DANCING TIMES

Hip Hop

This month, Terry Monaghan writes about the origins of hip hop, taking us right back to the style’s roots in the Bronx, New York City

Back in the late 1970s popular dancing seemed a stark choice between the slick, smooth styles of mainstream disco, or the raucous excitement of “pogo-ing” punks and heavy metal “head bangers”. But then a bewildering tsunami of new dances that combined both style and energy began sweeping around the world. Named hip hop by the media, back in “Planet Rock”, as the South Bronx section of New York City was known, it was originally called “b-boying”. Picking up further strength later from South Los Angeles, it seemed unstoppable.

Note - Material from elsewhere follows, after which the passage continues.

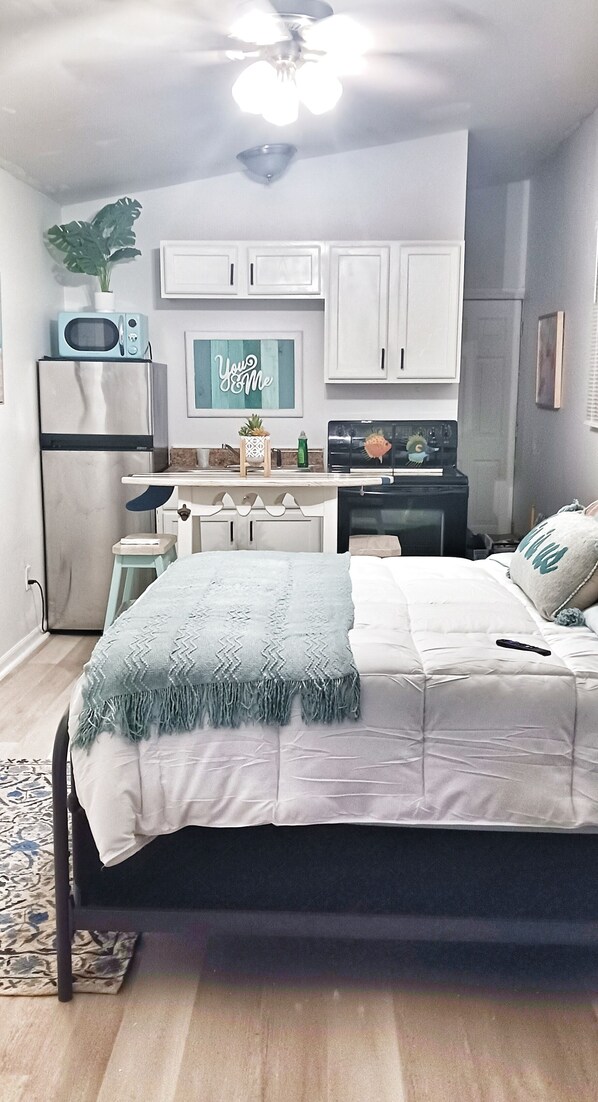 1 bedroom, iron/ironing board, WiFi, bed sheets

It was more than just dancing though. DJs and MCs “scratching” and “rapping” on portable sound systems provided the music, pieces of linoleum or cardboard transformed streets into performance spaces, while adjoining walls decorated with graffiti, and dancers wearing durable “street” clothes that could take the rigours of this type of dancing set the style for this unprecedented bout of worldwide enthusiasm. Although the dancing is still often called “hip hop” by newcomers, “b-boying” is the preferred term on the US East Coast, while “street dancing” is more common on the West. However, the latter includes all the hip hop styles of dance such as Locking, Popping, Boogaloo etc along with the non hip hop genre of House and the new style, Krumping.

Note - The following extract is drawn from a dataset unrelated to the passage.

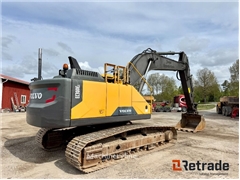 Sprzedam koparki gąsienicowe Volvo EC300EL poprzez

B-boying emerged during the 1970s when drugs, street crime, poverty and unemployment severely aggravated life in the Bronx and Harlem. With New York City on the edge of bankruptcy, many Harlemites had been forced to move to the Bronx because their homes were destroyed in the name of “slum clearance.” “Turf wars” resulted, when youths from different housing “projects” clashed as they tried to establish a new pattern of community identities. In contrast to the fantasy escapism of disco and rock this new generation of Bronxites confronted their reality by resorting to old Harlem traditions of substituting real battles, for music and dance ones. Street corner dance challenges grew out of DJs creatively extending the rhythmic “breaks” of disco recordings. According to original participants, when the DJs joined different “breaks” together and added extra rhythms by “scratching,” they gave the new dancers the name of “b-boys” i.e. “break boys”.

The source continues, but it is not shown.